Without centralized Syslog aggregation, log data lives fragmented across individual devices with limited storage and no cross-device correlation capability. With a central Syslog server or SIEM, you can search all device logs simultaneously, correlate events across devices (a firewall block event followed by a VPN authentication attempt from the same source IP, for example), and maintain an audit trail of every configuration change on every device.

For compliance-driven environments — businesses subject to PCI DSS, HIPAA, or similar frameworks — centralized log retention is not optional. PCI DSS requires at least 12 months of log retention with 3 months immediately available for analysis. Meeting that requirement through fragmented per-device logs is impractical; centralized Syslog collection makes it straightforward.

Alerting Thresholds: Calibrating for Signal, Not Noise

A monitoring system with poorly calibrated alerts is worse than no monitoring system.

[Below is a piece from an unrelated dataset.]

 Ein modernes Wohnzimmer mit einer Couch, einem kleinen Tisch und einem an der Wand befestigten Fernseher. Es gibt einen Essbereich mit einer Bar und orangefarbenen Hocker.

Alert fatigue — the state where the team ignores alerts because they're so frequent and so often false positives — is one of the most common and most dangerous failure modes in network operations. When every threshold breach generates a page or a ticket, real events are lost in the noise.

Effective alerting thresholds share several characteristics:

  • Baseline-relative, not absolute. An alert set at "CPU over 80%" will fire every time your router processes a large routing table update — which may be perfectly normal. An alert set at "CPU over 80% for more than 10 consecutive minutes" or "CPU over baseline by more than 40 percentage points" is far more meaningful.
  • Sustained, not instantaneous. Nearly every metric spikes briefly for legitimate reasons. Alerting on a single data point produces false positives. Alerting when a threshold is exceeded for multiple consecutive polling intervals eliminates the noise while still detecting real problems.
  • Severity-tiered. Not every threshold breach warrants a 3 AM page. A WAN circuit at 75% utilization is a trend to investigate tomorrow. A WAN circuit at 98% utilization with packet loss is a call-now event. A core switch that has gone unreachable is wake-someone-up severity. Your alerting system should match notification urgency to actual business impact.
  • Time-aware. A bandwidth utilization spike during business hours may be concerning. The same spike at 2 AM is more concerning, because it falls outside the pattern of normal business activity and may indicate a security event or unauthorized usage.
Metric Warning Threshold Critical Threshold
WAN circuit utilization 70% sustained 10 min 90% sustained 5 min
Latency (LAN) >5ms average >20ms or 3x baseline
Latency (WAN/Internet) >2x baseline >3x baseline or >150ms
Packet loss >0.5% sustained >2% sustained
Jitter (VoIP environments) >10ms >20ms
Device unreachable 1 failed poll 3 consecutive failed polls

IT Center 24/7 NOC: Inside-Out and Outside-In Monitoring

Standard monitoring tools tell you what’s happening inside your network. The IT Center NOC pairs internal SNMP, NetFlow, and syslog telemetry with an outside-in perspective — monitoring how your network and internet-facing services appear from external vantage points and correlating both views to give a complete operational picture.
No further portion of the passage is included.